<<<<
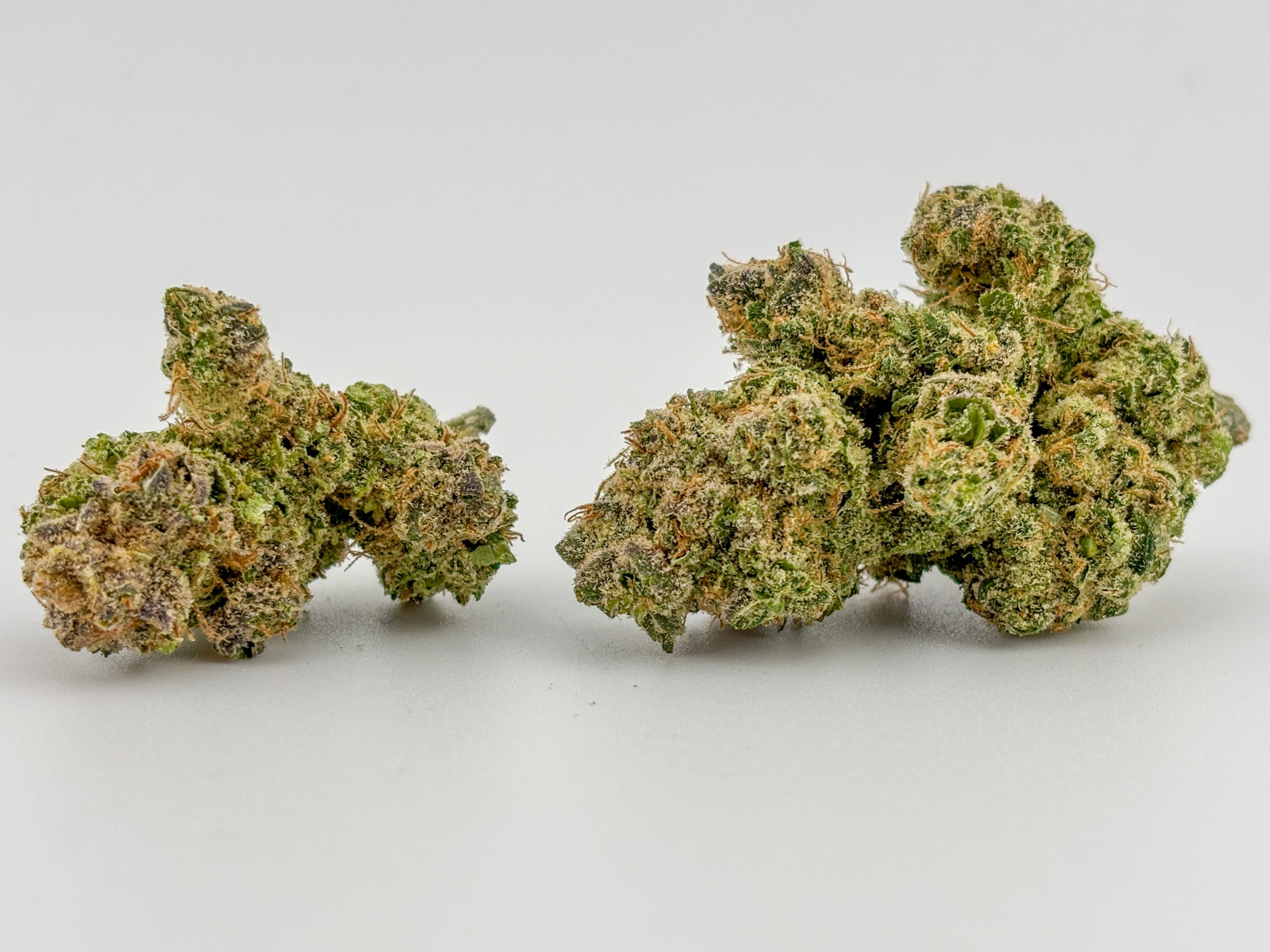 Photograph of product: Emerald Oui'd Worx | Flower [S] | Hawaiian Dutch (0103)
>>>>
<<<<
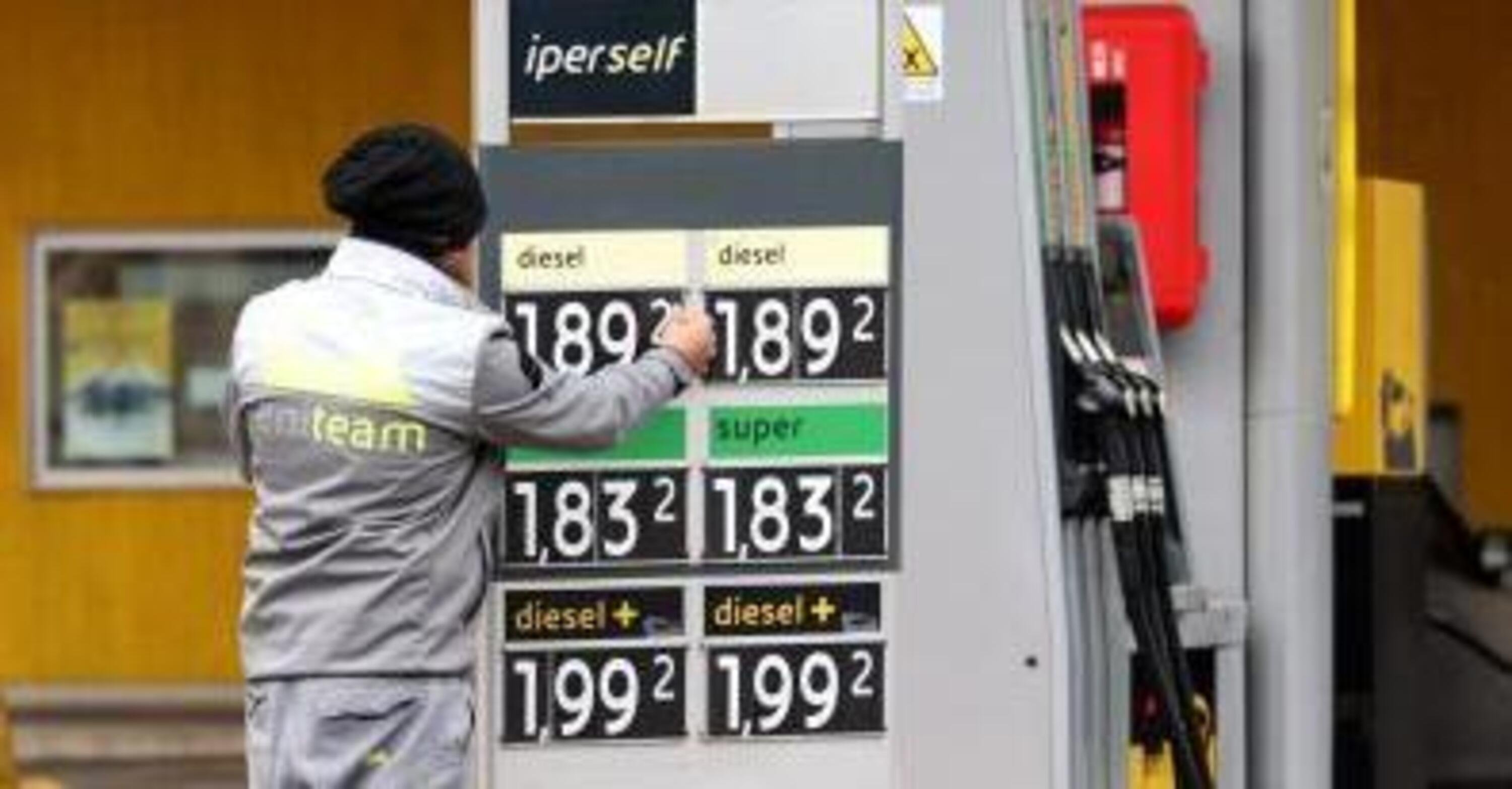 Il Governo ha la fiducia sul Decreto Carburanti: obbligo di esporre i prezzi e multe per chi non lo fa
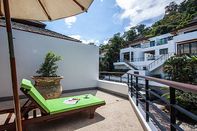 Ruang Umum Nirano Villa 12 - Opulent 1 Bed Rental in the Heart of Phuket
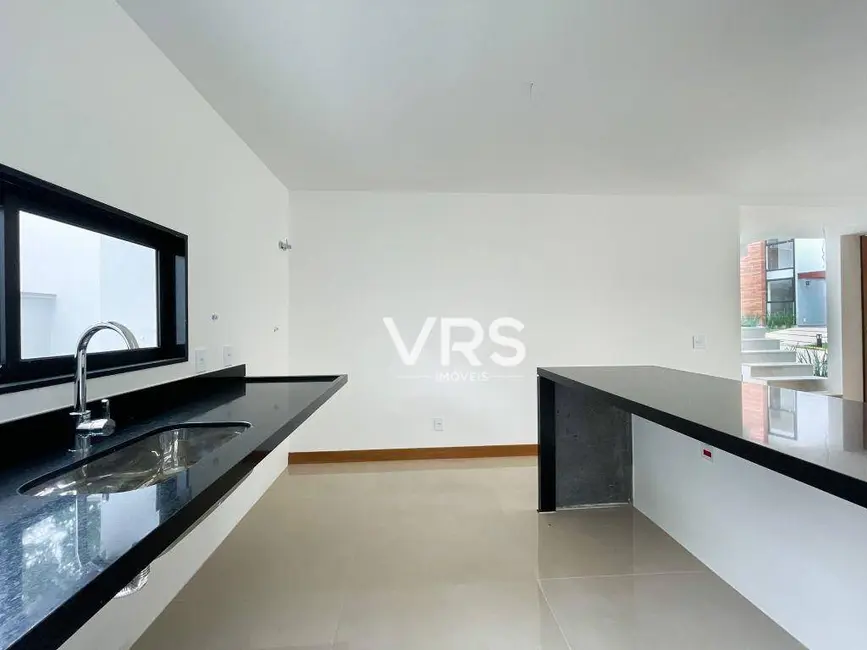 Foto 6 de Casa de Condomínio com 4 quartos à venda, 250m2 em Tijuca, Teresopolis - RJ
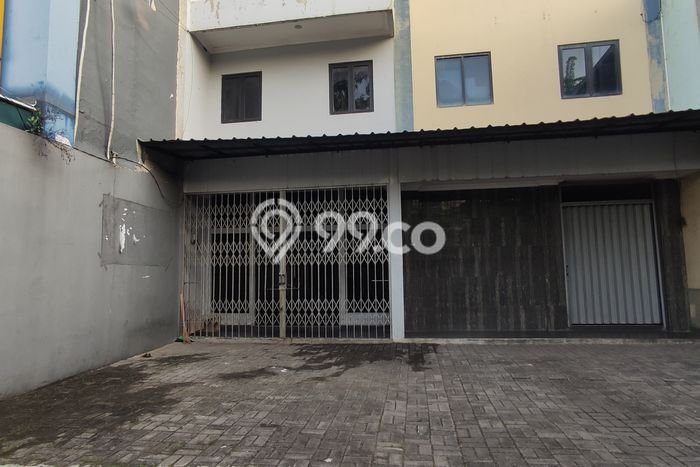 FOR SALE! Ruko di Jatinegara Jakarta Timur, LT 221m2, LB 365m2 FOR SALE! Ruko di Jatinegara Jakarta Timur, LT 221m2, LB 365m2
>>>>
#### WHAT TO PRODUCE:
A word-for-word reproduction is needed of the lines above from the line containing "Il Governo ha" through the line containing "LB 365m2 FOR", with both ends kept and no pictures.

#### RESULT OF THE TASK:
 Il Governo ha la fiducia sul Decreto Carburanti: obbligo di esporre i prezzi e multe per chi non lo fa
 Ruang Umum Nirano Villa 12 - Opulent 1 Bed Rental in the Heart of Phuket
 Foto 6 de Casa de Condomínio com 4 quartos à venda, 250m2 em Tijuca, Teresopolis - RJ
 FOR SALE! Ruko di Jatinegara Jakarta Timur, LT 221m2, LB 365m2 FOR SALE! Ruko di Jatinegara Jakarta Timur, LT 221m2, LB 365m2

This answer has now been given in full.